Task goal: Give back every line of the material exactly. Skip the pictures.

The data:
————————

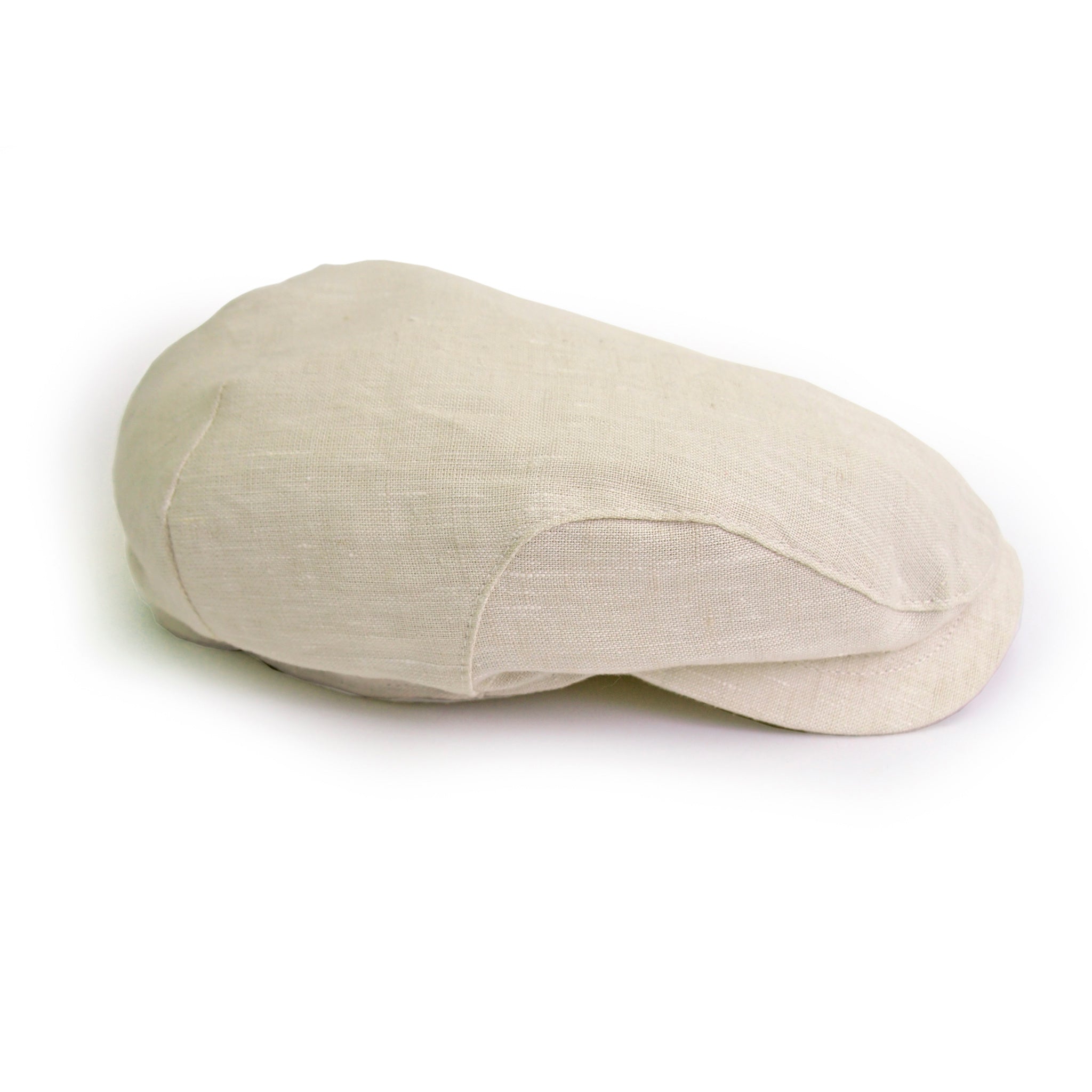 Wigens Ivy classic cap /ウィゲンズ アイビークラシックキャップ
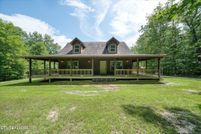 Farm and Ranch for sale in Fentress County, Tennessee
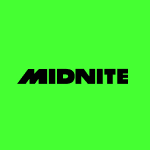 Midnite Casino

————————

Exercise response:
 Wigens Ivy classic cap /ウィゲンズ アイビークラシックキャップ
 Farm and Ranch for sale in Fentress County, Tennessee
 Midnite Casino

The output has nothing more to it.